Of special concern is the fact that a malicious insider attack takes the longest, on average, to resolve—51.8 days, compared with malicious code (51 days) and ransomware (41.5 days). (See Figure 1.)
Figure 1: Malicious insider attacks take the longest for a banking company to resolve
Yet, enterprise spending on the human layer of cybersecurity is not matching risk levels. Just 9% of budgets are spent on this dimension, fifth in the list of six layers surveyed. The network and application layers had the most investments, at 37% and 27%, respectively. (See Figure 2.)
Figure 2: Insufficient investments are being made in the human layer of the cybersecurity stack
The role of advanced technologies
Automation, artificial intelligence (AI) and machine learning are being applied by only about one-third (34%) of banking companies surveyed (third-lowest deployment rate). Most investments are being made in security intelligence and threat sharing (79%), as well as advanced perimeter controls (62%).
Banks should be aware, however, that criminals always seem to find a way through their perimeter, sometimes by manipulating insiders through social engineering, as just discussed.
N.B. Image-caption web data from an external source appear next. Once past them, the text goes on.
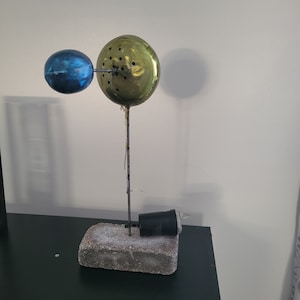 May include: A metal sculpture with a blue and gold sphere on a metal rod. The sculpture is sitting on a concrete block.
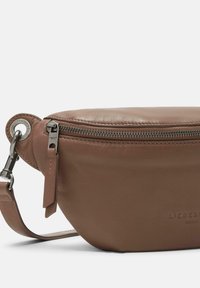 Borsa a tracolla in pelle marrone con forma arrotondata, chiusura con zip, accessori in argento e logo in rilievo sul lato. Texture liscia, design minimal.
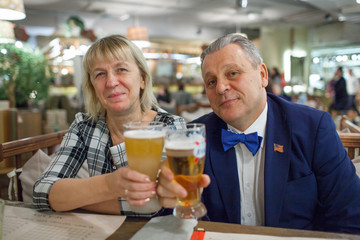 A portrait of a middle aged couple sitting at the table close to each other. Man is wearing a blue jacket and a bright blue bow tie. A woman is in a checkered shirt. Both of them are raising glasses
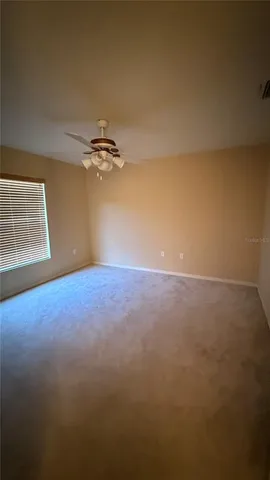 a view of a room with a ceiling fan and carpet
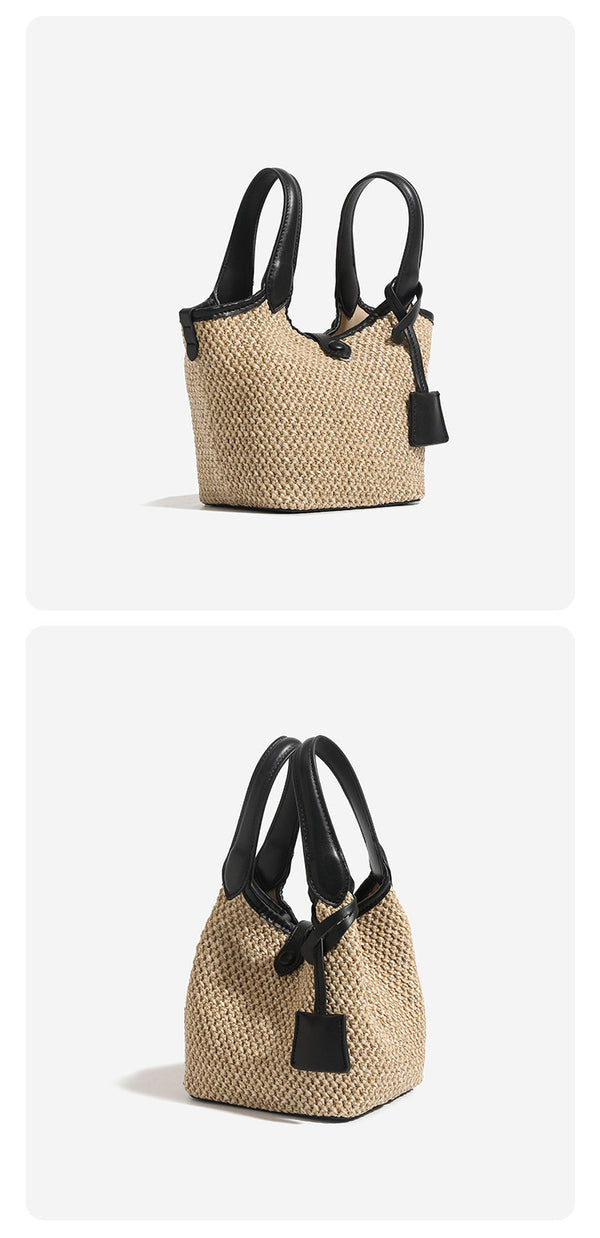 Woven beige straw bucket bag with black leather-look trim, dual top handles, detachable shoulder strap, and front snap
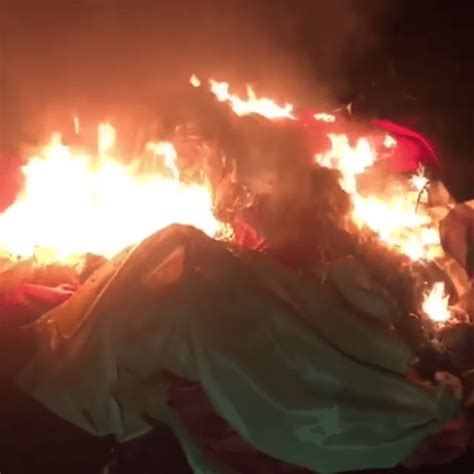 Watch as twisted Rangers 'ultras' torch stolen Partick Thistle flags ...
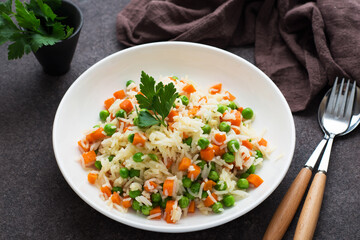 Boiled rice with vegetables, traditional Oriental dish
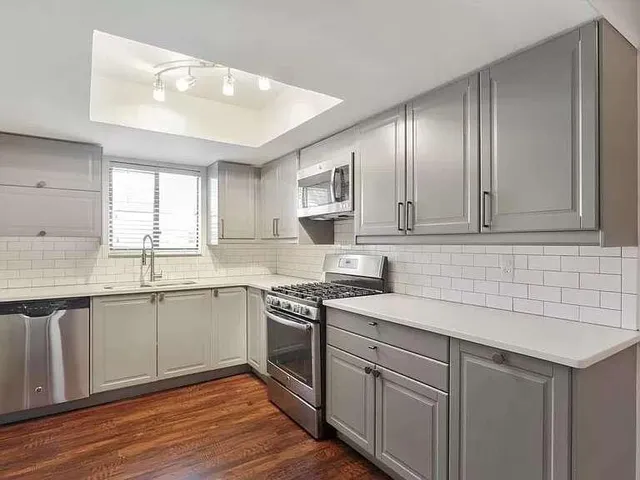a kitchen with a sink cabinets wooden floor and stainless steel appliances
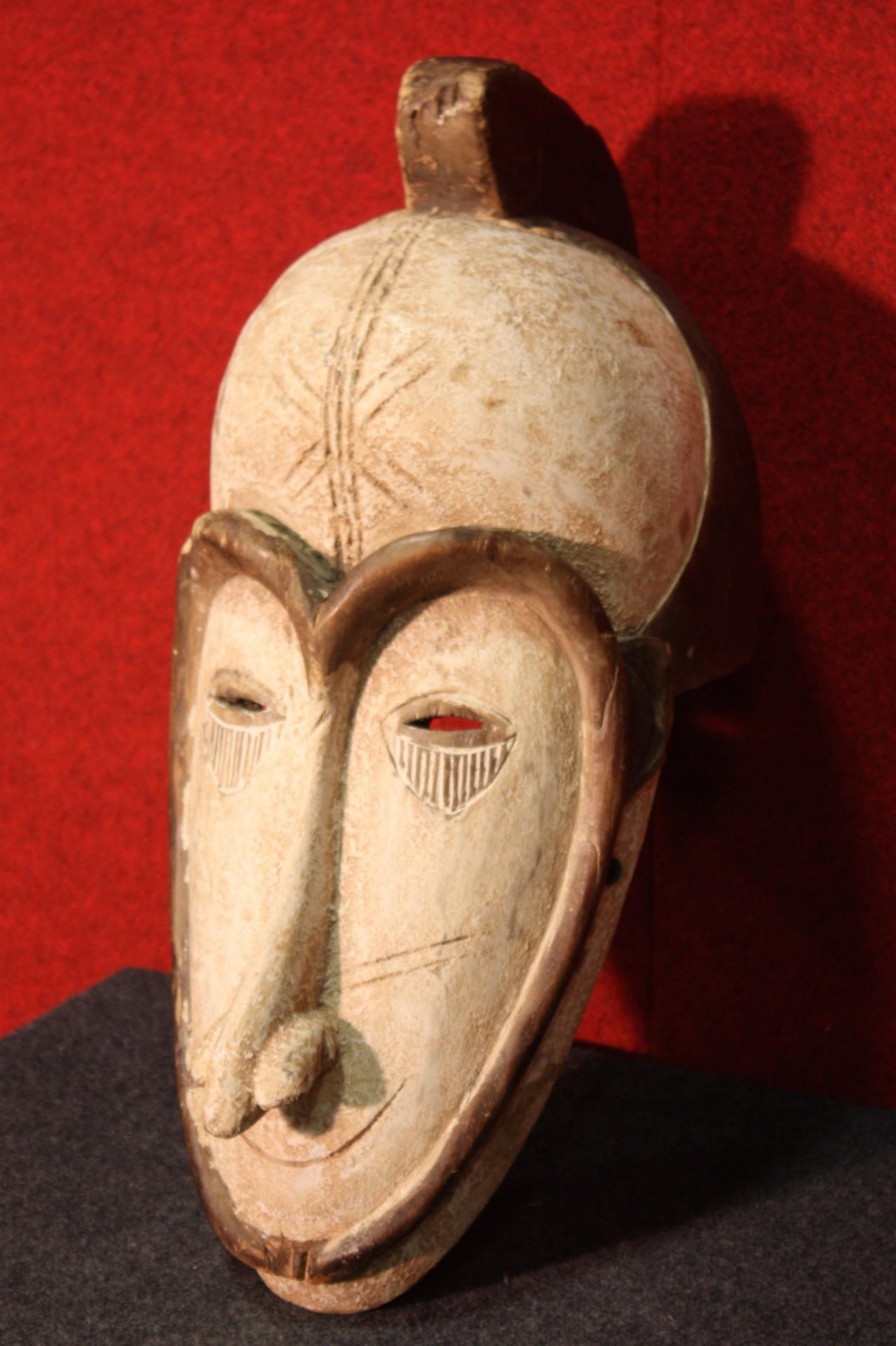 African Mask Carved in Wood, 20th Century For Sale 9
I expect this technology under investment to turn around relatively soon. One reason: our survey found that automation, AI and machine learning deliver the largest cost savings ($3.7 million) among security technologies when fully deployed by banks. Automation, AI and machine learning deliver 30% better cost savings than security intelligence and threat-sharing technologies, and over 2.4 times more savings than advanced perimeter controls.
Value at risk
Based upon an economic model developed for the study, we identified the economic value (expected cost savings and additional revenue opportunities) over the next five years that is at risk to cyberattacks. In the banking sector, $347 billion is at risk. For capital markets, the number is $47 billion. The “value at risk” number is new to this year’s report and we will look forward to tracking trendlines in the coming years to put those value numbers in a larger context.
To help prevent this loss of economic value, banks and capital markets firms should:
- Place greater emphasis on protecting and educating people because of the rise in phishing, ransomware and malicious insider attacks.
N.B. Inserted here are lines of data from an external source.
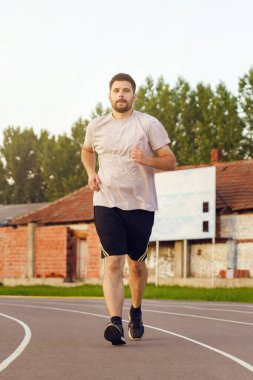 Hipodromda koşan yetişkin beyaz bir adamın ön manzara portresi - açık havada sakal eğitimi almış genç bir erkek - gerçek insanlar sağlık ve spor konsepti tam uzunlukta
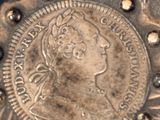 a silver coin with a picture of a woman on it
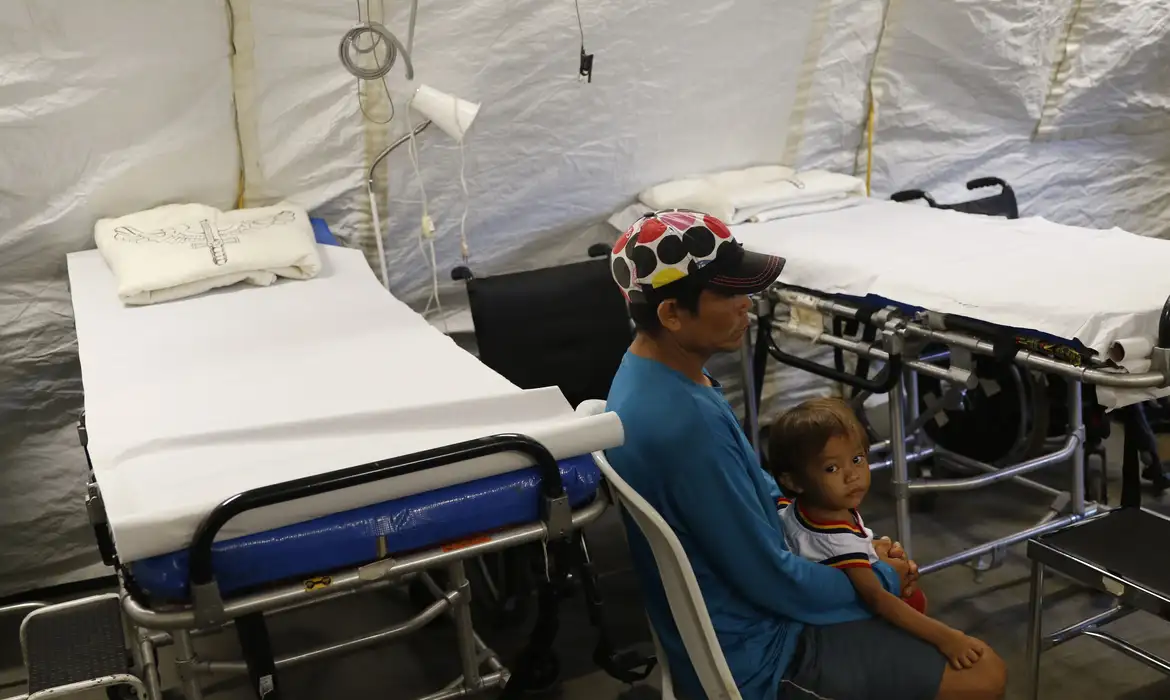 Ambulatório de saúde com homem e criança indígena
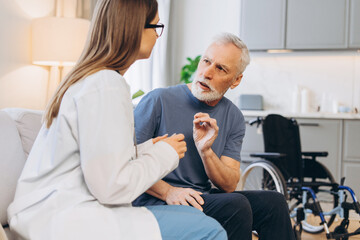 Fototapeta premium Elder patient discussing health issues with doctor at home
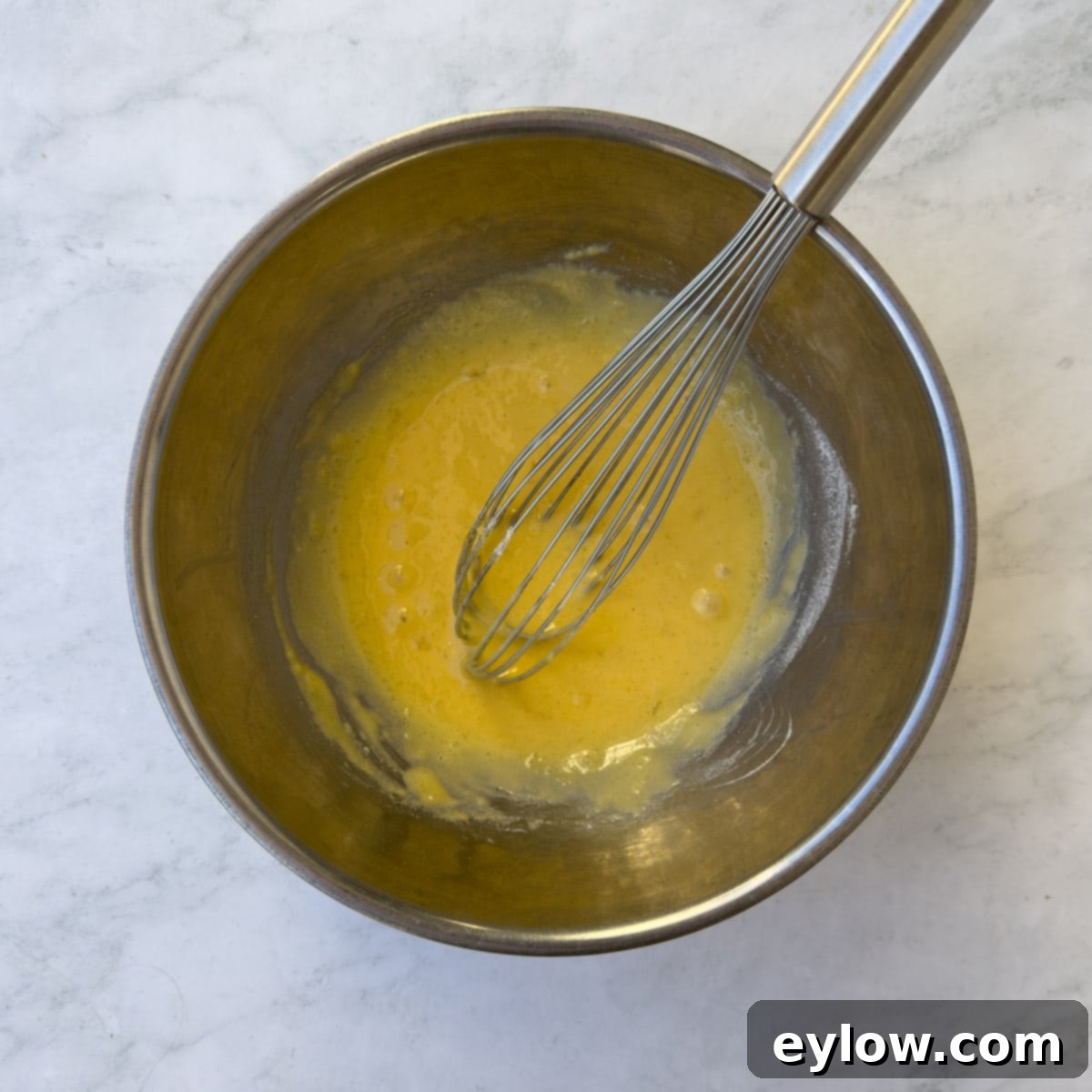 Velvet Pumpkin Mousse No-Bake Treat 6 Stainless steel bowl with yellow egg yolks and a whisk, showing the smooth mixture.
- Create controls such that no single employee or compromised machine can wreak havoc across the entire organization. Use Privileged Access Management, a control mechanism to put greater scrutiny around the granting of higher access privileges. Also segment data such that people do not have access to a full set of data.
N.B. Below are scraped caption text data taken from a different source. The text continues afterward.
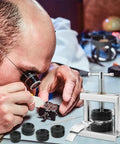 Watch Press Tool Set With 18 Molds Case Closer Crystal Press And Battery Replacement Repair Kit in use by a watch repair professional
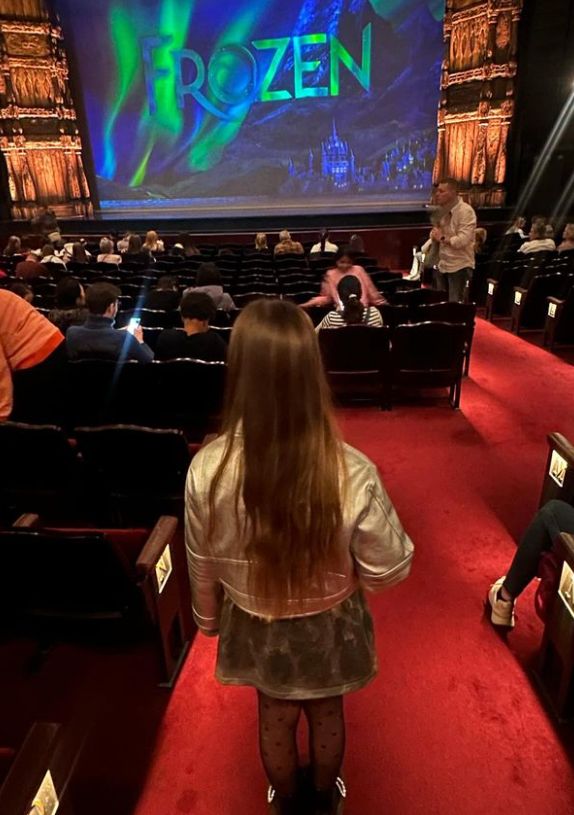 A young girl in a half-filled theatre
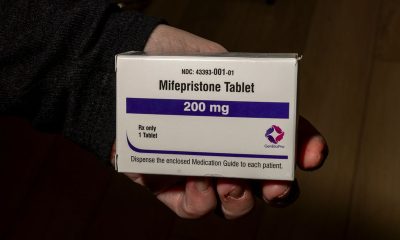 A hand holding a box of mifepristone tablets, labeled 200 mg, emphasizing the medication's i — mifepristone lawsuit paused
- Grasp the innovation opportunity and more proactively invest in breakthrough technologies to enhance cybersecurity effectiveness and scale. Use automation and advanced analytics to manage the rising costs of discovering attacks, which is the largest component of spend.
- Invest to prevent information loss and business disruption, which are growing concerns, especially given new privacy regulations like the General Data Protection Regulation (GDPR) and the California Consumer Privacy Act (CCPA).
A final bit of advice: Use pressure testing to identify your vulnerabilities. Criminals are constantly searching for your weak points. Do you know what and where those are?
About Accenture’s “Cost of Cybercrime” study
Accenture’s “Cost of Cybercrime” study, conducted by the Ponemon Institute, LLC on behalf of Accenture, analyzes a variety of costs associated with cyberattacks to IT infrastructure, economic cyber espionage, business disruption, ex-filtration of intellectual property and revenue losses. Data was collected from 2,647 interviews conducted over a seven-month period from a benchmark sample of 355 organizations in 11 countries. The financial services industry data was collected from 537 interviews from a benchmark sample of 72 financial services companies in Australia, Brazil, Canada, France, Germany, Italy, Japan, Singapore, Spain, the UK and the U.S.